Cervantes received some education in Madrid but as a young man went to Italy as an aide to a nobleman. He later became a soldier, until his left hand was injured permanently in a battle against the Turks at the Battle of Lepanto in 1571.
After recuperating in Italy, he left for Spain in 1575, when he was captured by Barbary pirates and held as a slave in North Africa for five years. He was freed after a ransom was paid, but his harsh imprisonment stayed with him the rest of his life and influenced his writings. He had more hard luck upon his return, struggling to make a living as a tax collector while trying to have a writing career.
Finally, in his 50s, he had success with Don Quixote.
Cervantes was a contemporary of English playwright William Shakespeare's, and Mancing and other scholars say Shakespeare read Don Quixote.
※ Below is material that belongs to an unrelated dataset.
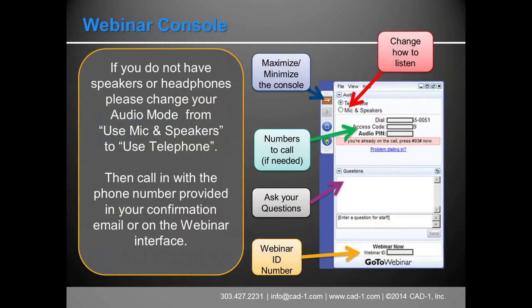If you can hear us, raise your hand using the raise hand button. If you've not been on these webinars before, you can minimize the console with the orange or red button. We recommend setting it to mic and speakers. If you can't hear us, there are instructions on screen to switch to telephone and dial in with the number from your registration email. If you have questions, type them into the question box and we'll answer them in context as quickly as we can.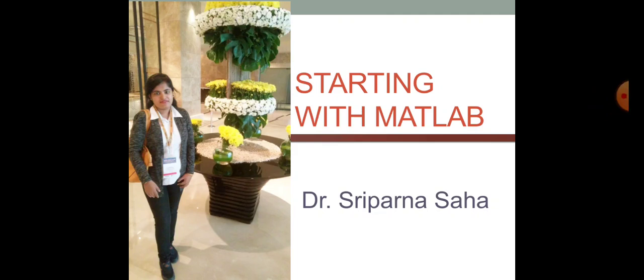In this particular video lecture, we are going to talk about how to get started with MATLAB coding platform.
The Spanish author and playwright died April 23, 1616, the same date that Shakespeare is recorded as dying, although Spain was on the Gregorian calendar and England on the Julian calendar. In reality, Cervantes died 10 days earlier.
In Spain, April 23 is known as the "Dia del libro," or Day of the Book, and is often celebrated with a marathon reading of the 126-chapter book. The Dallas Public Library held its first marathon reading of the book starting Oct. 3.
"It's like the Bible," McGaha said. "Everyone finds their own interpretation."